3) void flush_cache_range(struct vm_area_struct *vma, unsigned long start, unsigned long end)

Here we are flushing a specific range of (user) virtual
addresses from the cache.  After running, there will be no
entries in the cache for 'vma->vm_mm' for virtual addresses in
the range 'start' to 'end-1'.

You can also check implementation of the function - http://lxr.free-electrons.com/ident?a=sh;i=flush_cache_range

For example, in arm - http://lxr.free-electrons.com/source/arch/arm/mm/flush.c?a=sh&v=3.13#L67

 67 void flush_cache_range(struct vm_area_struct *vma, unsigned long start, unsigned long end)
 68 {
 69         if (cache_is_vivt()) {
 70                 vivt_flush_cache_range(vma, start, end);
 71                 return;
 72         }
 73 
 74         if (cache_is_vipt_aliasing()) {
 75                 asm(    "mcr    p15, 0, %0, c7, c14, 0\n"
 76                 "       mcr     p15, 0, %0, c7, c10, 4"
 77                     :
 78                     : "r" (0)
 79                     : "cc");
 80         }
 81 
 82         if (vma->vm_flags & VM_EXEC)
 83                 __flush_icache_all();
 84 }

In the x86 version of Linux you also can find a function void clflush_cache_range(void *vaddr, unsigned int size) which is used for the purposes of flush a cache range. This function relies to the CLFLUSH or CLFLUSHOPT instructions. I would recommend checking that your processor actually supports them, because in theory they are optional.

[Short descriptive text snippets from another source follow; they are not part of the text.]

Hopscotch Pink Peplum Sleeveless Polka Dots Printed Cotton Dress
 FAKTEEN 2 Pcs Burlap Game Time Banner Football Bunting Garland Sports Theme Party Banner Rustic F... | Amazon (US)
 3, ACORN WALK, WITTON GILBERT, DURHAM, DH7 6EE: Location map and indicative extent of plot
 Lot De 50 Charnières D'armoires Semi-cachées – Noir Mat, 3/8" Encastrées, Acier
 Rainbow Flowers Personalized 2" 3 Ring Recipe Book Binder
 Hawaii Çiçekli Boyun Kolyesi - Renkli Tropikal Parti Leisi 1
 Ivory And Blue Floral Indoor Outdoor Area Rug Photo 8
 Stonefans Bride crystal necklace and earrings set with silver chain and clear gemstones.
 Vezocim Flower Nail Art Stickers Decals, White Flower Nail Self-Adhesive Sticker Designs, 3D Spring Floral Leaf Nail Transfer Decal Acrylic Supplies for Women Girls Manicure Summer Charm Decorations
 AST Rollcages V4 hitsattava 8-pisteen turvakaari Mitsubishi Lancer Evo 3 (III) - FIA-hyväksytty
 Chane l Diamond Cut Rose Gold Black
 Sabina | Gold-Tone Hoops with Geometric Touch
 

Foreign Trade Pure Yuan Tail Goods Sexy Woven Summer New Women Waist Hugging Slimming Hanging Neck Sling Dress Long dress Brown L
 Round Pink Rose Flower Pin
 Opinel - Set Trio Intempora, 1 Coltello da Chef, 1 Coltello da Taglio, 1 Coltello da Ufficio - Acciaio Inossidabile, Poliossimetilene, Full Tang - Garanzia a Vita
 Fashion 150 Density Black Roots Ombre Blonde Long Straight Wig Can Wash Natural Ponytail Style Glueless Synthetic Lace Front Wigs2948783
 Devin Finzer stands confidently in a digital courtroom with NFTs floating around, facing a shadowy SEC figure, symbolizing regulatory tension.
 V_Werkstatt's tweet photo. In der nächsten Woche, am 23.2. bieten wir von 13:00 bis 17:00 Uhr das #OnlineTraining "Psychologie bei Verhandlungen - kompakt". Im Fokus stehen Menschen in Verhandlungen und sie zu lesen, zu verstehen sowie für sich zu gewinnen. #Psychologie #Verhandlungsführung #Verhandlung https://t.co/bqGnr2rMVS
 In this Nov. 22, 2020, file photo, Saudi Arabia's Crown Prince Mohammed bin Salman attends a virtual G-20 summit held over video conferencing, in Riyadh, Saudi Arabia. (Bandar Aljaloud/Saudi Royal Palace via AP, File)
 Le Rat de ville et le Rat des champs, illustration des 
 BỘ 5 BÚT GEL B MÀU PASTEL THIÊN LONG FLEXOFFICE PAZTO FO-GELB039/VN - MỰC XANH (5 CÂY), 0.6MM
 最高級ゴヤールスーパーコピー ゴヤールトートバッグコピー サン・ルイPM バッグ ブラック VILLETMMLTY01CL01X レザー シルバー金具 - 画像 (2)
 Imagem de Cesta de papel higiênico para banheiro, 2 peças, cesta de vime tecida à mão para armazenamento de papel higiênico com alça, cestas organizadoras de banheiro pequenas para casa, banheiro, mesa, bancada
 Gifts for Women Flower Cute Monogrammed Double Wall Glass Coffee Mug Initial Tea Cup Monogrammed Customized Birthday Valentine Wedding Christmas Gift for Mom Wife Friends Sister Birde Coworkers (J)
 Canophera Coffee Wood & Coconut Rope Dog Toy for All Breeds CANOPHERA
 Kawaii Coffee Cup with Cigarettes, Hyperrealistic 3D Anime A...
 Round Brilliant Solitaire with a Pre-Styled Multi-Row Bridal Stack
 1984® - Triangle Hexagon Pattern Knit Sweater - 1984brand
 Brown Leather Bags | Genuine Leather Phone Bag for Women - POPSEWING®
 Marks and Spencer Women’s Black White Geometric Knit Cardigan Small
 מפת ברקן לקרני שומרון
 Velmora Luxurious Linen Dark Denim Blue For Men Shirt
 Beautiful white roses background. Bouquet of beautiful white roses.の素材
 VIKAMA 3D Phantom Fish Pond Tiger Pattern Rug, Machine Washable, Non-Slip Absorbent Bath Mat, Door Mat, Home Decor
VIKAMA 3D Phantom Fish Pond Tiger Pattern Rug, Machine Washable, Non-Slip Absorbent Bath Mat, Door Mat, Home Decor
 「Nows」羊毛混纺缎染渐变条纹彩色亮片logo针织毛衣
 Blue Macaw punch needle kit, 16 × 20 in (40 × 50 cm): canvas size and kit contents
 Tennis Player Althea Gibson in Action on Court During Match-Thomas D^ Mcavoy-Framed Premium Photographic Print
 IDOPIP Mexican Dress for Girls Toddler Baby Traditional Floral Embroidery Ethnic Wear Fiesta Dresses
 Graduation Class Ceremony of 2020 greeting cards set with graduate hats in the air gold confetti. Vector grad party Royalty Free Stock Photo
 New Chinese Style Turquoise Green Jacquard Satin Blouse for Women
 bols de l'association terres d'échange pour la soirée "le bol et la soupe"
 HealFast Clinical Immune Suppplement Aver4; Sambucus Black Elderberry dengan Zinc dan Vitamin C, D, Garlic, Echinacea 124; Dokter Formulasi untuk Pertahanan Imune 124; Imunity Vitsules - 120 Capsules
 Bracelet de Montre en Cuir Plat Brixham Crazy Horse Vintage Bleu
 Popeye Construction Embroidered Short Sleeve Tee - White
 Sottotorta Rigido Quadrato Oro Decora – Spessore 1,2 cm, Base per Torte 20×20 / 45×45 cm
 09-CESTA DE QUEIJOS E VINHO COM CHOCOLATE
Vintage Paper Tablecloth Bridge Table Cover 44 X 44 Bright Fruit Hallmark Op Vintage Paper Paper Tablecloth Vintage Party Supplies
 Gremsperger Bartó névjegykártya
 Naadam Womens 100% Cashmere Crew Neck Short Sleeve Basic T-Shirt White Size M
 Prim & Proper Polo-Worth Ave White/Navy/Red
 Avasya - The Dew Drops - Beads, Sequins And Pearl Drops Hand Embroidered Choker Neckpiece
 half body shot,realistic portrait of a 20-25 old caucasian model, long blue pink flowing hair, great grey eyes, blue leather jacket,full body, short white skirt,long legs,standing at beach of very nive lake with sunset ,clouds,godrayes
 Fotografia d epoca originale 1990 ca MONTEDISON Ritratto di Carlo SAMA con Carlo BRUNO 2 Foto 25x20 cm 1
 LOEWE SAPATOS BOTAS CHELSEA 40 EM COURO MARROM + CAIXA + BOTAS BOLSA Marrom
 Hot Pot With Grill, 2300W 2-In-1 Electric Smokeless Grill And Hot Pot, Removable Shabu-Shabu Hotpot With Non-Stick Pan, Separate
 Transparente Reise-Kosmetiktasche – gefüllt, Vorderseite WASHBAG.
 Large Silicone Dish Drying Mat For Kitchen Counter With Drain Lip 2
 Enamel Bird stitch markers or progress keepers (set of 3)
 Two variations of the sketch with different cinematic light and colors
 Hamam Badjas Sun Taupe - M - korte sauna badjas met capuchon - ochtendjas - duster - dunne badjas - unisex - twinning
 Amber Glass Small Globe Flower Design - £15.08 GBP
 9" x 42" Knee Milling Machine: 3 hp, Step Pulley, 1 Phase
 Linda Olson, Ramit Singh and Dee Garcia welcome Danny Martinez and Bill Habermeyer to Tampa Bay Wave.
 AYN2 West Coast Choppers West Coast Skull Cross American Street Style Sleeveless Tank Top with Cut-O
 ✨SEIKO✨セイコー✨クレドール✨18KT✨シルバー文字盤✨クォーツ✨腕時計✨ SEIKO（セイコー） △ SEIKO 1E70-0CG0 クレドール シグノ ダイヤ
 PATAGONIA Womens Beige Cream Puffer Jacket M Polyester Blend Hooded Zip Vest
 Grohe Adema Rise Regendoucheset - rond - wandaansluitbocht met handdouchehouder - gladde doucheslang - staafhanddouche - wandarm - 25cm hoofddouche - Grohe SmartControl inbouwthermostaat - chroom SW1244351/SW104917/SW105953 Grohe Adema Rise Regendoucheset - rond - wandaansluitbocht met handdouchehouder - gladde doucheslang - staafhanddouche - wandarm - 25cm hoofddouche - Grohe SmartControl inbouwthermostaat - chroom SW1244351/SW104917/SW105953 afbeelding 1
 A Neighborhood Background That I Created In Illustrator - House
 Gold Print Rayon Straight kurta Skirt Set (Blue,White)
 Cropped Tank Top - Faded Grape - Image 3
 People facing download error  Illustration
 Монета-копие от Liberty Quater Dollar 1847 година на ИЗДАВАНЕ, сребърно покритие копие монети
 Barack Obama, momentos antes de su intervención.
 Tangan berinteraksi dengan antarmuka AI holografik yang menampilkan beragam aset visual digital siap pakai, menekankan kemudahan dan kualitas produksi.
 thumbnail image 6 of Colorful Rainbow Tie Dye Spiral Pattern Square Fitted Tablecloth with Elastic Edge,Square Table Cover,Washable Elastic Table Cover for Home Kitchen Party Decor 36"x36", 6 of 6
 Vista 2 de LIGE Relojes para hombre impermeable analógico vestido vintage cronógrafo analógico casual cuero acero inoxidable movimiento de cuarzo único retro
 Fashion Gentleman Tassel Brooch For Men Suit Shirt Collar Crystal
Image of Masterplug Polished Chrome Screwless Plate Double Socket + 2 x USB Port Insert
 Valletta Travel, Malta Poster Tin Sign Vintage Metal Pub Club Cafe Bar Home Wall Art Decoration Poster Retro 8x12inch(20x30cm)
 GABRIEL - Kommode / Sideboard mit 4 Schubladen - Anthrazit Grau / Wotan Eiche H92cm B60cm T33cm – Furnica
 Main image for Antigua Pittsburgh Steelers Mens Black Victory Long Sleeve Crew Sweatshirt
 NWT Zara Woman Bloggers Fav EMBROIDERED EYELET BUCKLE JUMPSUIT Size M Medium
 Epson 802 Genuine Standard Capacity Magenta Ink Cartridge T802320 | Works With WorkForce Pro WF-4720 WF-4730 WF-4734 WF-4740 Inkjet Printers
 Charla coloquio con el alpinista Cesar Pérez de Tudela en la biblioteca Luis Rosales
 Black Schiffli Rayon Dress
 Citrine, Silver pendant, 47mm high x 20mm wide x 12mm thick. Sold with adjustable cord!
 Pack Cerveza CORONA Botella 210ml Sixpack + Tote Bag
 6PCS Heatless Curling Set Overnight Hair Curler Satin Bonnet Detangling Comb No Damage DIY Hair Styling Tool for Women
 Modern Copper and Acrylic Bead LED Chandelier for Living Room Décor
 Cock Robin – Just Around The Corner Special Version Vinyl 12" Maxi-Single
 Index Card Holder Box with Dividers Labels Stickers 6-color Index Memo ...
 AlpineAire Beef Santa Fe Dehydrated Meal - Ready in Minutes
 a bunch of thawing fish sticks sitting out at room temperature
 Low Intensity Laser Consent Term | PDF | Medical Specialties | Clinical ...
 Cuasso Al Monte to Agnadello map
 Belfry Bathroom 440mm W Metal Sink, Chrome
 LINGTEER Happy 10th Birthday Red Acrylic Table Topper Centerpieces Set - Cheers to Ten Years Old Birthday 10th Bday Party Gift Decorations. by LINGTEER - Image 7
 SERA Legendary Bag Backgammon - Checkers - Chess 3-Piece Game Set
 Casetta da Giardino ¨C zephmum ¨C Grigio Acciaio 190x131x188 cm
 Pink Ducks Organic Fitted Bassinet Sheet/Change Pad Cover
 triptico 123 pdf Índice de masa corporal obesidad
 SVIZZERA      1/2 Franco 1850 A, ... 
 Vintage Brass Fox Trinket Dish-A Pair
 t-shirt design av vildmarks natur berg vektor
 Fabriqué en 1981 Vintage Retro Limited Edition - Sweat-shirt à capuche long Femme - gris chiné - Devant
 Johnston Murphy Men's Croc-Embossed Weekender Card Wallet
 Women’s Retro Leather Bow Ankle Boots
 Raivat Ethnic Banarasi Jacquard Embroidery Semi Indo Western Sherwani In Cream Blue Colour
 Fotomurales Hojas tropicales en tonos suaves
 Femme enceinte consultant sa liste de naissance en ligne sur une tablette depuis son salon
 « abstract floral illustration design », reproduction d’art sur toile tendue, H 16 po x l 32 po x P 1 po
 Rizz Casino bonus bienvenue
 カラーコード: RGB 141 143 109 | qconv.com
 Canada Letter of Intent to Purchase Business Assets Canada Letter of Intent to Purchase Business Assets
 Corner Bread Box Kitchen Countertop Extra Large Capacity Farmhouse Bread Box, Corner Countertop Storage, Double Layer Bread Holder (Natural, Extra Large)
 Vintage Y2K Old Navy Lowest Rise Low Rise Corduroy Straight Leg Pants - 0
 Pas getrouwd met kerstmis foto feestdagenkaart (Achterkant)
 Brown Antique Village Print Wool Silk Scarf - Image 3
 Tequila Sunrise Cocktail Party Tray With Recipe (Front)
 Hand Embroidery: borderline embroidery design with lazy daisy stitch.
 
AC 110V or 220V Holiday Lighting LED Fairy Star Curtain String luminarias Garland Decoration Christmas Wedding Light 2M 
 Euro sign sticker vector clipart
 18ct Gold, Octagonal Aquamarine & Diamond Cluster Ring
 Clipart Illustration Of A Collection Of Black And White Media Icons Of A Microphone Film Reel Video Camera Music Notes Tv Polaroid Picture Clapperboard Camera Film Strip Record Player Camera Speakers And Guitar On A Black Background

CLFLUSHOPT is weakly ordered. CLFLUSH was originally specified as ordered only by MFENCE, but all CPUs that implement it do so with strong ordering wrt. writes and other CLFLUSH instructions. Intel decided to add a new instruction (CLFLUSHOPT) instead of changing the behaviour of CLFLUSH, and to update the manual to guarantee that future CPUs will implement CLFLUSH as strongly ordered. For this use, you should MFENCE after using either, to make sure that the flushing is done before any loads from your benchmark (not just stores).

Actually x86 provides one more instruction that could be useful: CLWB. CLWB flushes data from cache to memory without (necessarily) evicting it, leaving it clean but still cached. clwb on SKX does evict like clflushopt, though

Note also that these instructions are cache coherent. Their execution will affect all caches of all processors (processor cores) in the system.

All these three instructions are available in user mode. Thus, you can employ assembler (or intrinsics like _mm_clflushopt) and create your own void clflush_cache_range(void *vaddr, unsigned int size) in your user space application (but do not forget to check their availability, before actual use).


If I correctly understand, it is much more difficult to reason about ARM in this regard. Family of ARM-processors is much less consistent then family of IA-32 processors. You can have one ARM with full-featured caches, and another one completely without caches. Further more, many manufacturers can use customized MMUs and MPUs. So it is better to reason about some particular ARM processor model.

Unfortunately, it looks like that it will be almost impossible to perform any reasonable estimation of time required to flush some data. This time is affected by too many factors including the number of cache lines flushed, unordered execution of instructions, the state of TLB (because instruction takes a virtual address as an argument, but caches use physical addresses), number of CPUs in the system, actual load in terms of memory operations on the other processors in the system, and how many lines from the range are actually cached by processors, and finally by performance of CPU, memory, memory controller and memory bus. In a result, I think execution time will vary significantly in different environments and with different loads. The only reasonable way is to measure the flush time on the system and with load similar to the target system.


And final note, do not confuse memory caches and TLB. They are both caches but organized in different ways and serving different purposes. TLB caches just most recently used translations between virtual and physical addresses, but not data which are pointed by that addresses.

And TLB is not coherent, in contrast to memory caches. Be careful, because flushing of TLB entries does not lead to the flushing of appropriate data from memory cache.